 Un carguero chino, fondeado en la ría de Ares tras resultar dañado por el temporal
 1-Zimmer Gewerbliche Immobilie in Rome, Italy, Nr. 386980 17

++++++++++++++++++++

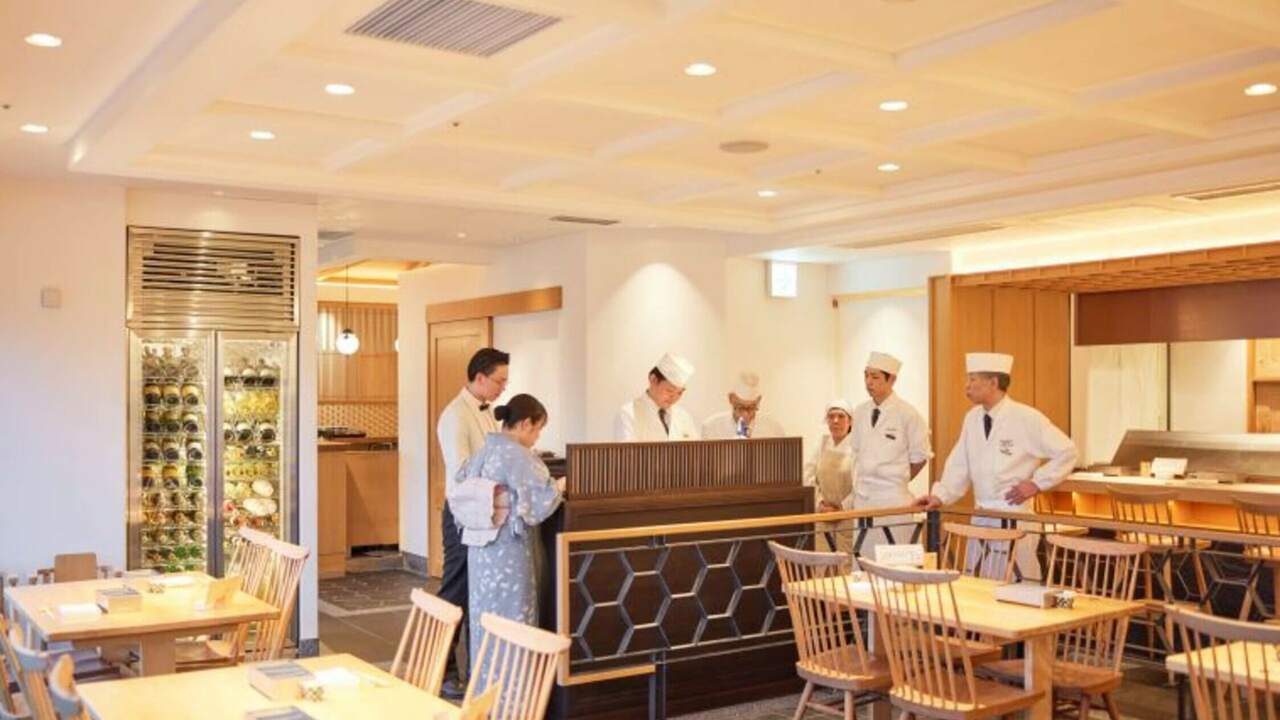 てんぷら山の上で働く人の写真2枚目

++++++++++++++++++++

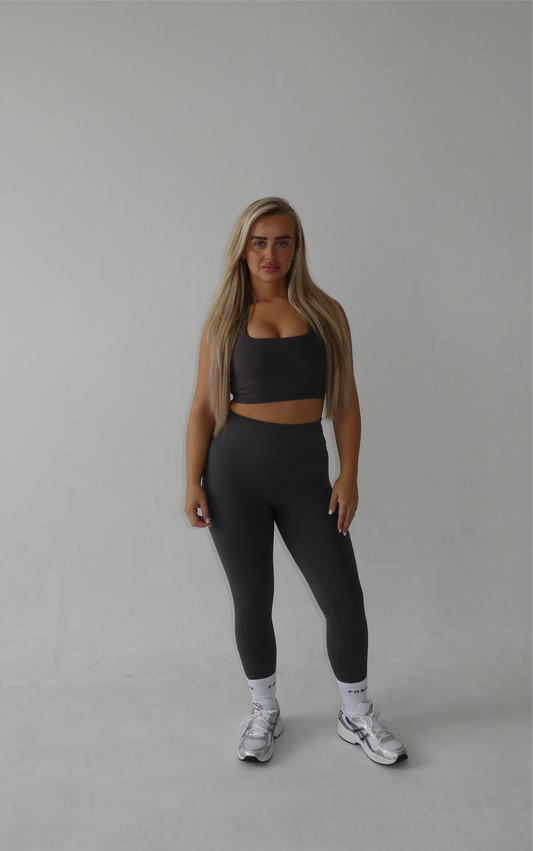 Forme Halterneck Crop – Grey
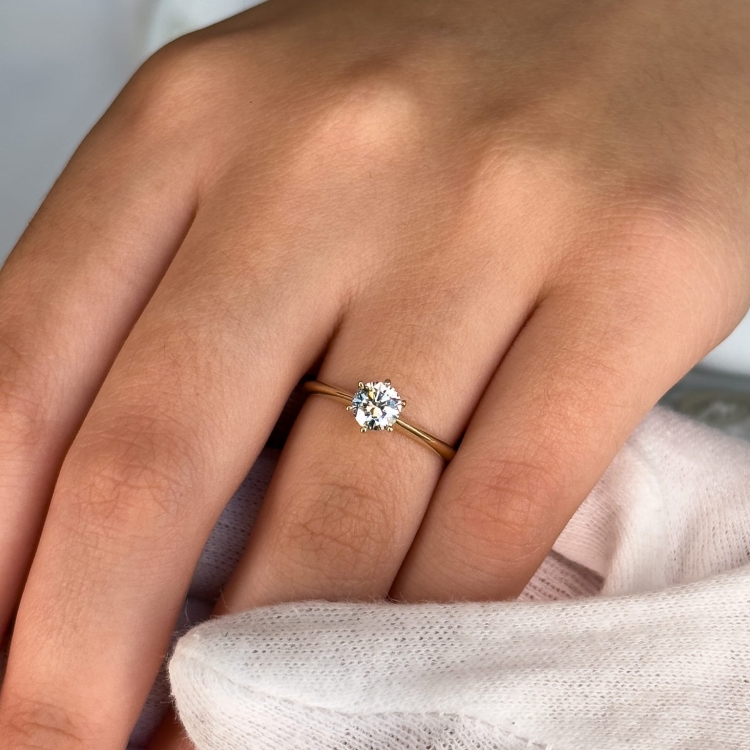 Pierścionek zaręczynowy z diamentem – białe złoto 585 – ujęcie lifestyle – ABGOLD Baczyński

++++++++++++++++++++

The problem:
Going by the data above, the answer is exactly the lines from the one holding "Forme Halterneck Crop – Grey" to the one holding "Pierścionek zaręczynowy z", both kept, with the pictures left out.

Written solution:
 Forme Halterneck Crop – Grey
 Pierścionek zaręczynowy z diamentem – białe złoto 585 – ujęcie lifestyle – ABGOLD Baczyński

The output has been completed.